Wilhoit has been the SRO at the high school for 10 years. The school has been a part of his life for much longer, though, as he is an alumnus of Chuckey-Doak, class of 1980.
He was one of the original four Greene County law enforcement officers who became school resource officers in Greene County schools. When the school systems first brought in professional law enforcement, Wilhoit had to split his time between the Chuckey-Doak high school, elementary and middle school.
“Now that we have an SRO at every school,” Wilhoit said, “it sure simplifies things and makes things more secure and safe at the schools.”
Five years into being SRO at Chuckey-Doak High School, Wilhoit became a K-9 officer when he got his bomb detection dog, Boomer. Wilhoit said the sheriff’s department didn’t want to have an absence in the SRO position at such a large school so another SRO officer was assigned to the high school for when Wilhoit is called out to help with K-9 needs. Within the last year, Wilhoit got an additional K-9, Ruger, which is trained in cadaver detection.
Prior to his time as an SRO, Wilhoit retired from the U.S. Army where he was a criminal investigator, then he worked as a police officer in Honolulu, Hawaii.
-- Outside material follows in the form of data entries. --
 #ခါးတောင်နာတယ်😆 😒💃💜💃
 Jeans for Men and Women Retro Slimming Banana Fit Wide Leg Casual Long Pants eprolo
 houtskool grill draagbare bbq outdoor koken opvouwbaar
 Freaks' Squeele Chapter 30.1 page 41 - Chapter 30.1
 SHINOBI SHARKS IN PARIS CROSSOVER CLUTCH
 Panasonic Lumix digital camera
After his time there, Wilhoit returned home to Tennessee and worked at the Greene County jail for six months. Shortly thereafter, he was asked by the sheriff at the time, Pat Hankins, to participate in the SRO program. Wilhoit said Hankins believed he would fit well in the position. Wilhoit was enthusiastic about joining.
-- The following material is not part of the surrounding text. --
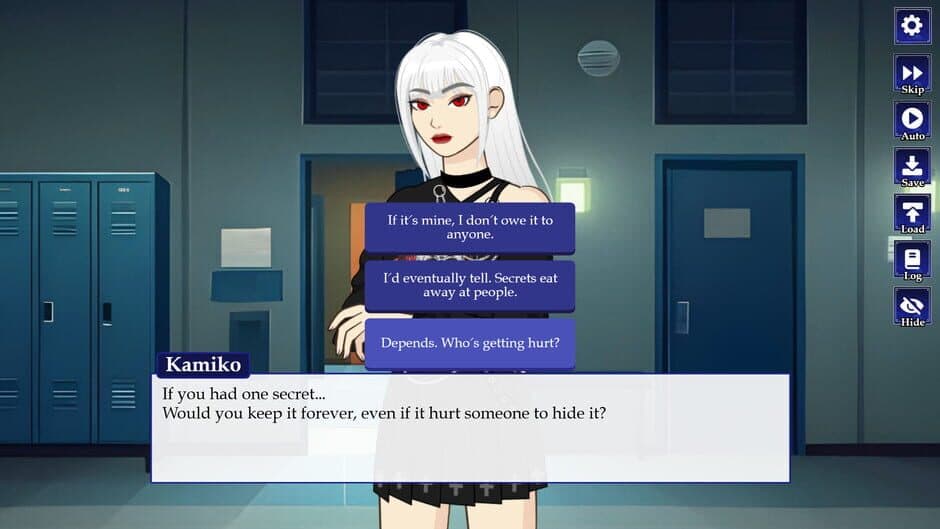 Spirit Whisperer Conversation With Kamiko screenshot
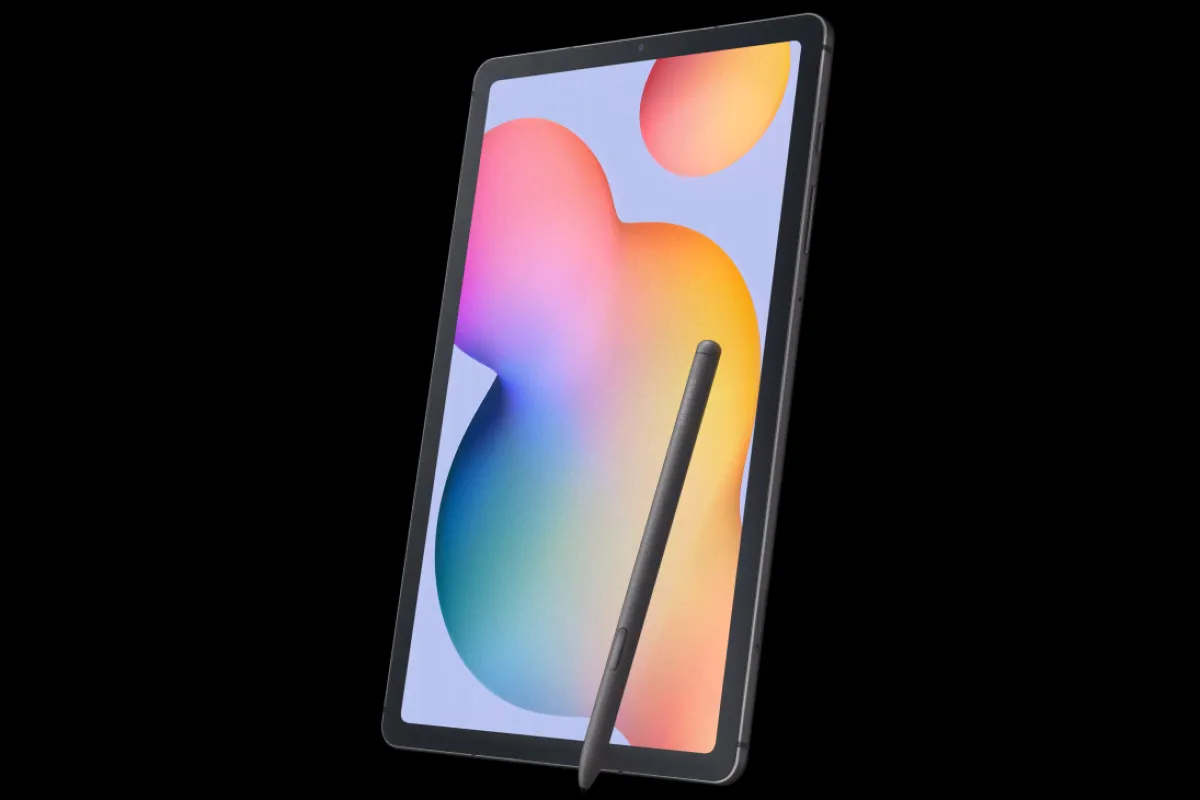 Планшет Samsung Galaxy Tab S6 Lite LTE 64Gb, серый-4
Before Wilhoit arrived at Chuckey-Doak, the schools did not have a P.O.S.T (Peace Officer Standard Training) certified law enforcement officer. The SRO program has since grown in number in Greene County over Wilhoit’s time at Chuckey-Doak. In concurrence to this, SROs have had to obtain more certifications such as in the L.E.A.D. “Too Good For Drugs” curriculum and the Eddie Eagle gun safety instruction. Wilhoit has been through it all.
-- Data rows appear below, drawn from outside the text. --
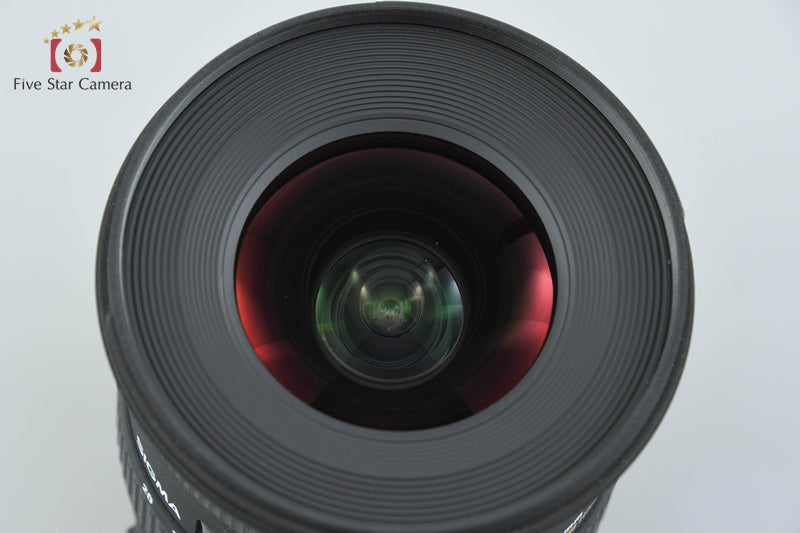 SIGMA 10-20mm f/4-5.6 EX DC HSM for Canon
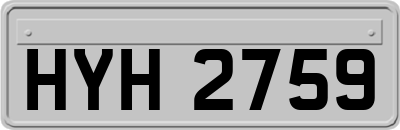 HYH2759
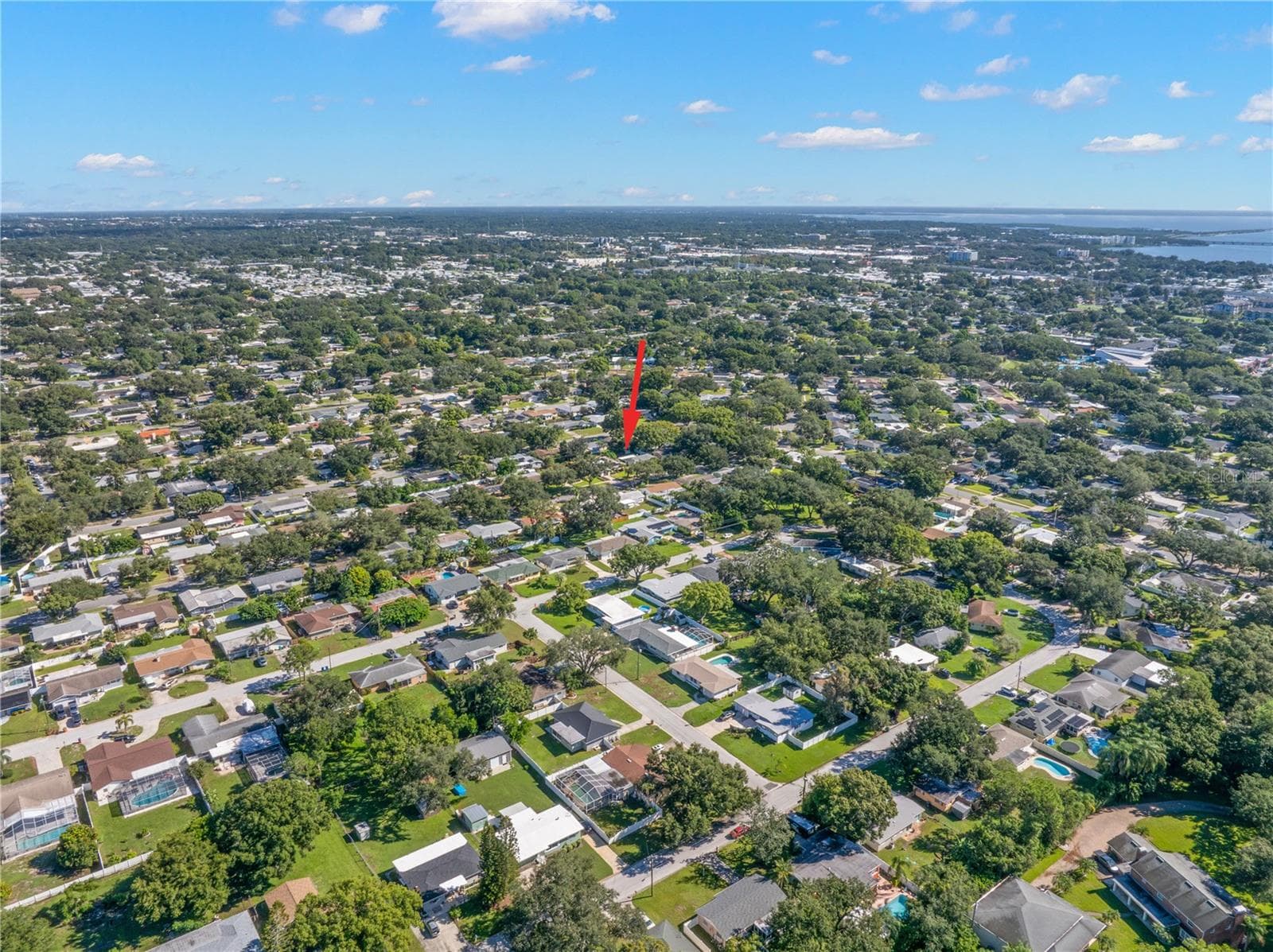 Single Family Residence at 2254 MORNINGSIDE DR, CLEARWATER, photo 48 of 49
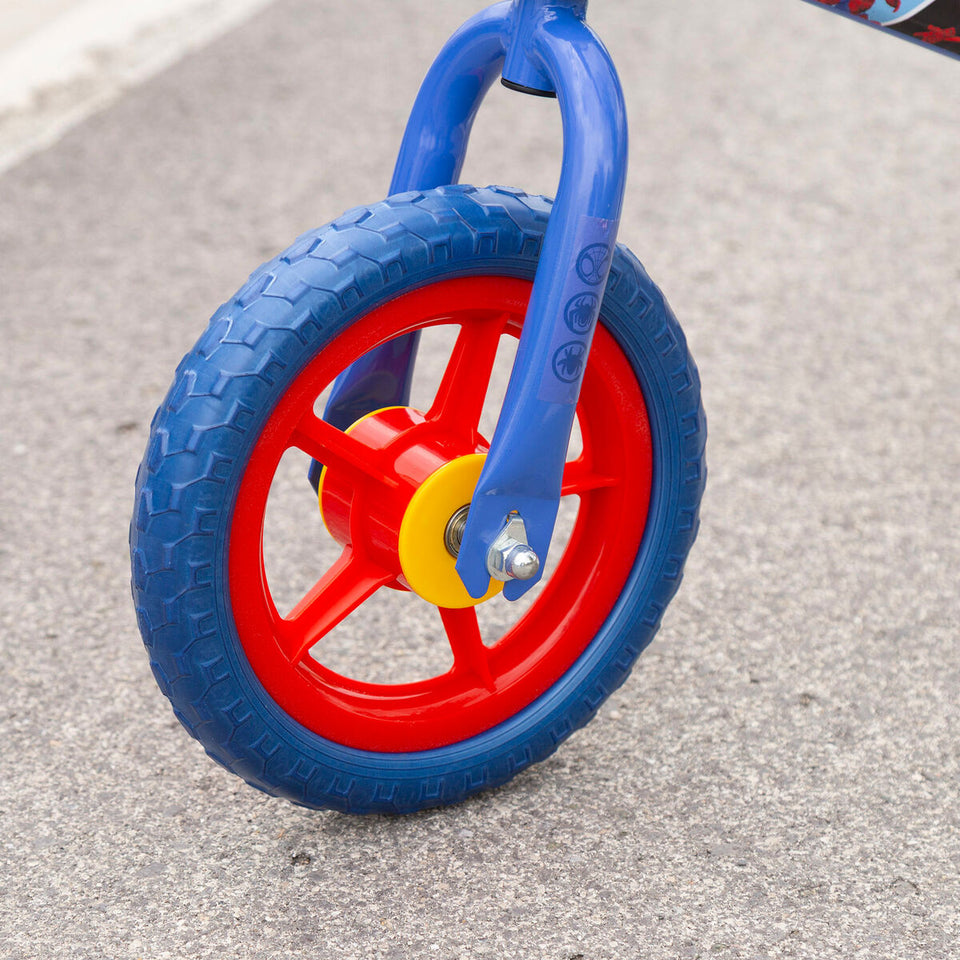 Children's Bike Spidey-2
He has also been through a change in how students behave. Wilhoit spoke to the change in how student behavior has developed into more digital altercations recently.
“In the old days, you might have a fist fight or an altercation like that,” Wilhoit said. “But now, with everything happening online, there is cyberbullying, so there is less physical altercations because it’s all done on social media, which causes a disruption to the learning process. I’ve seen the times change.”
Wilhoit said that student interaction has changed dramatically just over the 10 years he has been at Chuckey-Doak.
A key positive aspect to that tenure in Greene County Schools, Wilhoit said, was that he got to witness the development of students from kindergarten to high school. He said that seeing students go through and overcome the struggles they’ve had has been rewarding. In a way, Wilhoit has been a part of student development not just in the classroom but as individuals.
He noted a particular example that meant a lot to him. Wilhoit had dealt with a student who had been in trouble over a schedule II drug issue in middle school. Then years later, Wilhoit was filling in for a SRO at North Greene High School when the same student hugged and thanked him for disciplining them all those years ago. Wilhoit noted the key part to this connection with the student was that he provided mentorship to her instead of strictly dealing with her as a law enforcement officer.
Wilhoit will be staying on part time for the county as a K-9 officer. Dogs like Wilhoit’s that are trained in bomb and cadaver detection are a rare and therefore valuable asset to this county and surrounding local communities. Just last weekend, he went with Boomer to the NASCAR race in Bristol to patrol the facility.
The Greene County Sheriff’s Department retirement structure, said Wilhoit, is one where deputies retire when they turn 60. Even though Wilhoit is retiring from the department as a full time SRO, he still has interest in being a school resource officer elsewhere. He has accepted the school resource officer position for Towering Oaks Christian School on Buckingham road. This will be in addition to his part-time work with the Greene County Sheriff’s Department.
Wilhoit says he still has a lot to give and wants to continue helping to keep schools safe and secure.
On Tuesday, he was presented with the employee of the month award for the second time during his time at Chuckey-Doak.